Models
Hindsight uses several machine learning models for different tasks.
Overview
| Model Type | Purpose | Default | Configurable |
|---|---|---|---|
| Embedding | Vector representations for semantic search | BAAI/bge-small-en-v1.5 | Yes |
| Cross-Encoder | Reranking search results | cross-encoder/ms-marco-MiniLM-L-6-v2 | Yes |
| LLM | Fact extraction, reasoning, generation | Provider-specific | Yes |
All local models (embedding, cross-encoder) are automatically downloaded from HuggingFace on first run.
Embedding Model
Converts text into dense vector representations for semantic similarity search.

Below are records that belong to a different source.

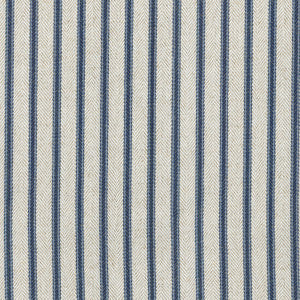 Trousdale Indigo 250431 by ED Ellen DeGeneres Fabric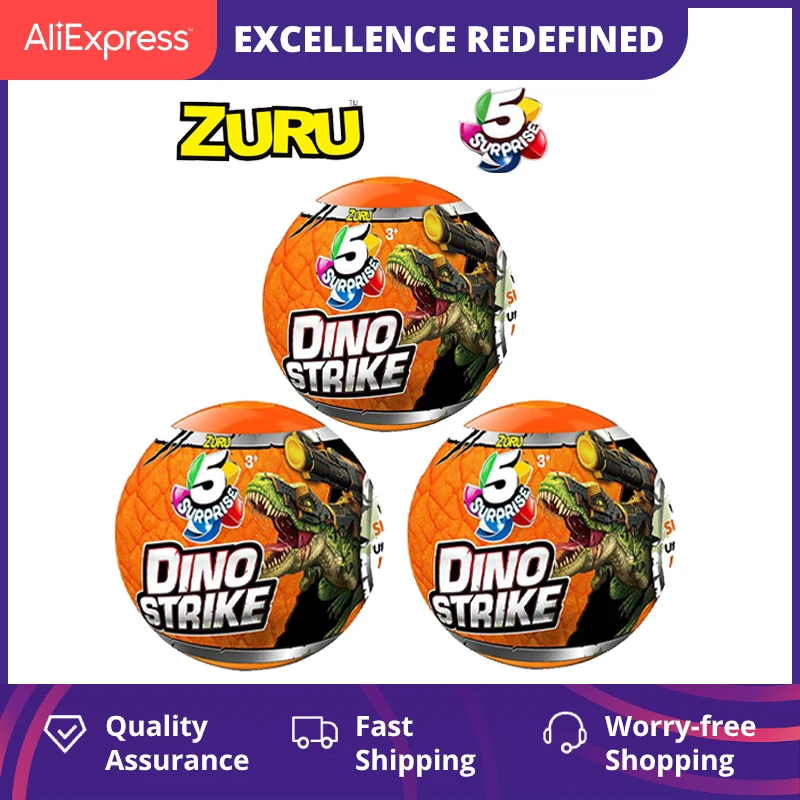 Zuru 5 Surprise Mini Brands! Surprise Balls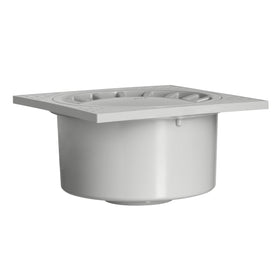 15X15 SLV. PVC VL.PUT OU40/50
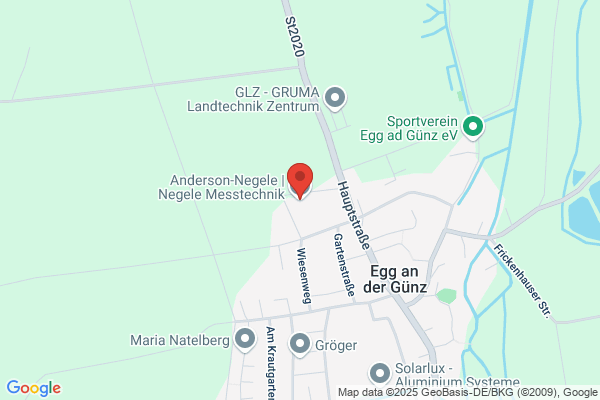 Agronormbau Negele und Co.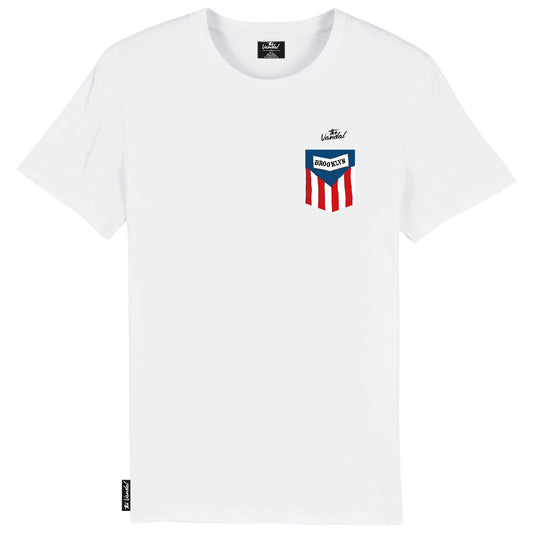 Le Gitane – T-shirt – Vit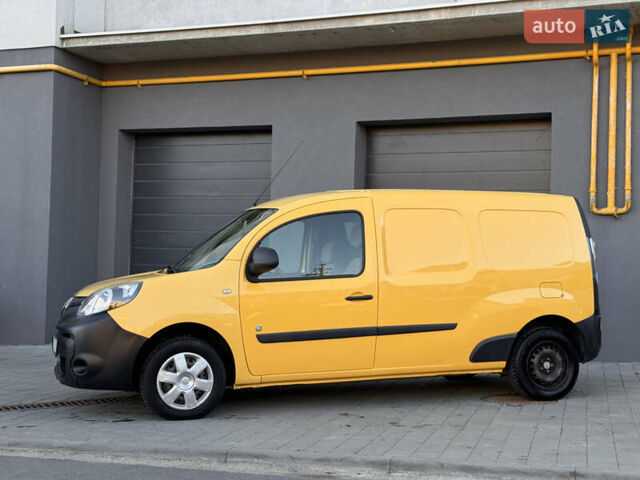 Рено Кєнгу 2015 у Тернополі на Automoto.ua Жовтий Рено Кєнгу, об'ємом двигуна 0 л та пробігом 110 тис. км за 7500 $, фото 3 на Automoto.ua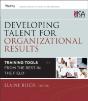 Developing Talent For Organizational Results - Preview
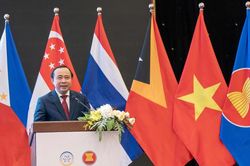 Bộ trưởng Bộ KH&CN Vũ Hải Quân: Khoa học, công nghệ góp phần định hình tương lai ASEAN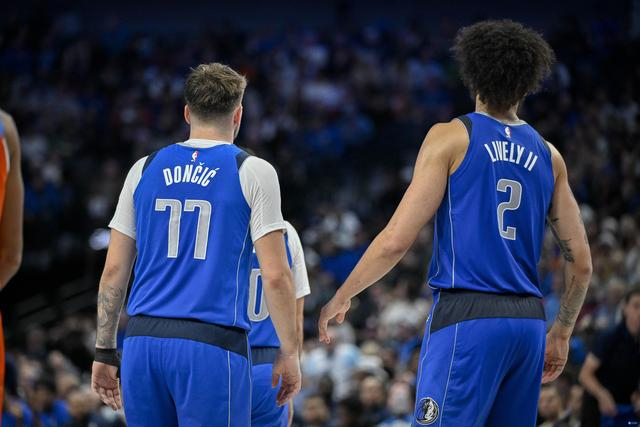 本赛季至今空接次数组合榜:东契奇-莱夫利第1 唐斯-戈贝尔第3|唐斯|契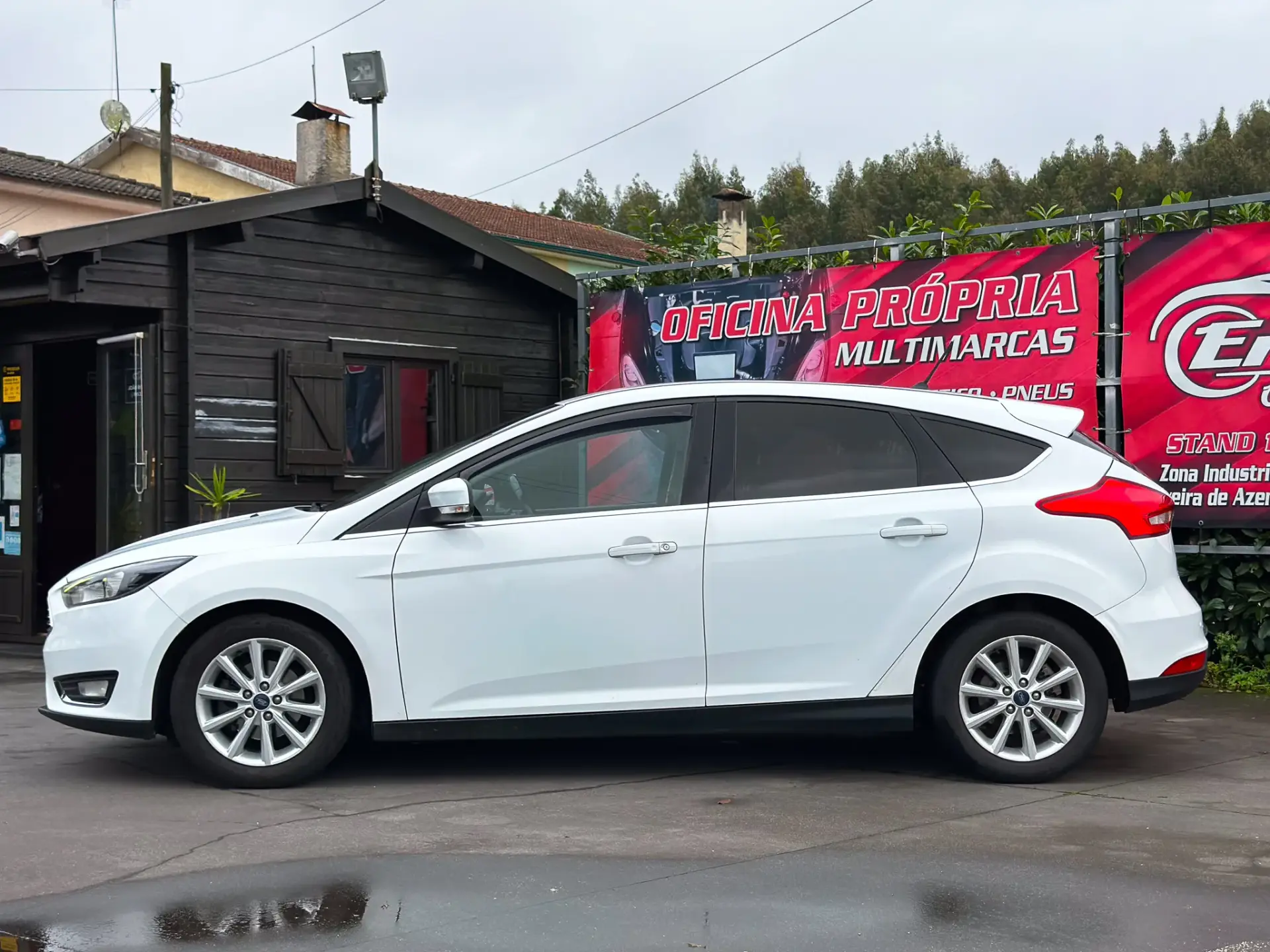 Ford Focus 1.0 EcoBoost Active 5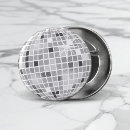 Suche nach silberne glitzern buttons Brautparty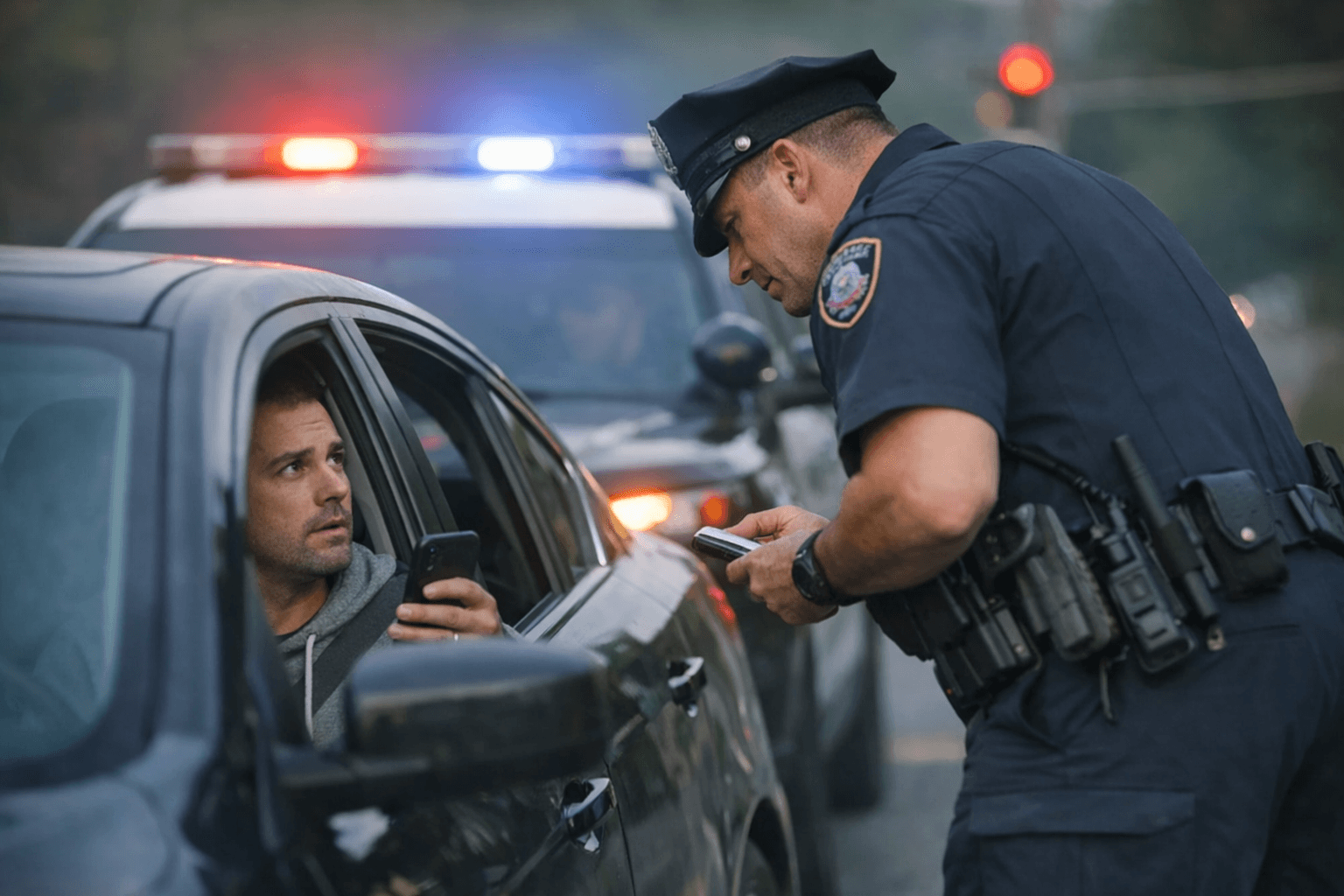Port Jervis Police Join Statewide Crackdown on Distracted Driving in April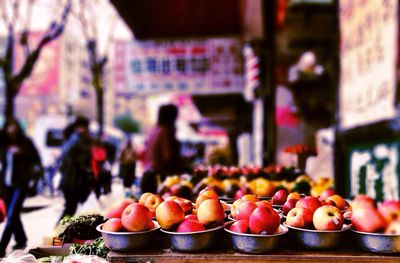 Market stall for sale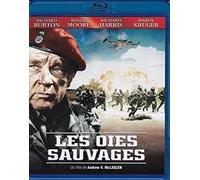 Les oies sauvages - Blu ray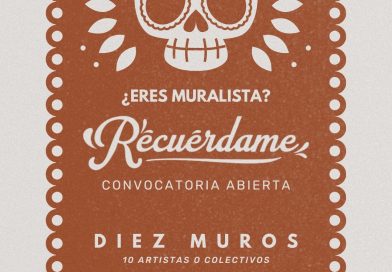 Buscan artistas para crear 10 murales por el Día de Muertos en Puerto Vallarta.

Default: BAAI/bge-small-en-v1.5 (384 dimensions, ~130MB)
Alternatives:
| Model | Dimensions | Use Case |
|---|---|---|
BAAI/bge-small-en-v1.5 | 384 | Default, fast, good quality |
BAAI/bge-base-en-v1.5 | 768 | Higher accuracy, slower |
sentence-transformers/paraphrase-multilingual-MiniLM-L12-v2 | 384 | Multilingual (50+ languages) |
All embedding models must produce 384-dimensional vectors to match the database schema.
Configuration:
# Local provider (default)
export HINDSIGHT_API_EMBEDDINGS_PROVIDER=local
export HINDSIGHT_API_EMBEDDINGS_LOCAL_MODEL=BAAI/bge-small-en-v1.5
# TEI provider (remote)
export HINDSIGHT_API_EMBEDDINGS_PROVIDER=tei
export HINDSIGHT_API_EMBEDDINGS_TEI_URL=http://localhost:8080
Cross-Encoder (Reranker)
Reranks initial search results to improve precision.
Default: cross-encoder/ms-marco-MiniLM-L-6-v2 (~85MB)
Alternatives:
| Model | Use Case |
|---|---|
cross-encoder/ms-marco-MiniLM-L-6-v2 | Default, fast |
cross-encoder/ms-marco-MiniLM-L-12-v2 | Higher accuracy |
cross-encoder/mmarco-mMiniLMv2-L12-H384-v1 | Multilingual |
Configuration:
# Local provider (default)
export HINDSIGHT_API_RERANKER_PROVIDER=local
export HINDSIGHT_API_RERANKER_LOCAL_MODEL=cross-encoder/ms-marco-MiniLM-L-6-v2
# TEI provider (remote)
export HINDSIGHT_API_RERANKER_PROVIDER=tei
export HINDSIGHT_API_RERANKER_TEI_URL=http://localhost:8081
LLM
Used for fact extraction, entity resolution, opinion generation, and answer synthesis.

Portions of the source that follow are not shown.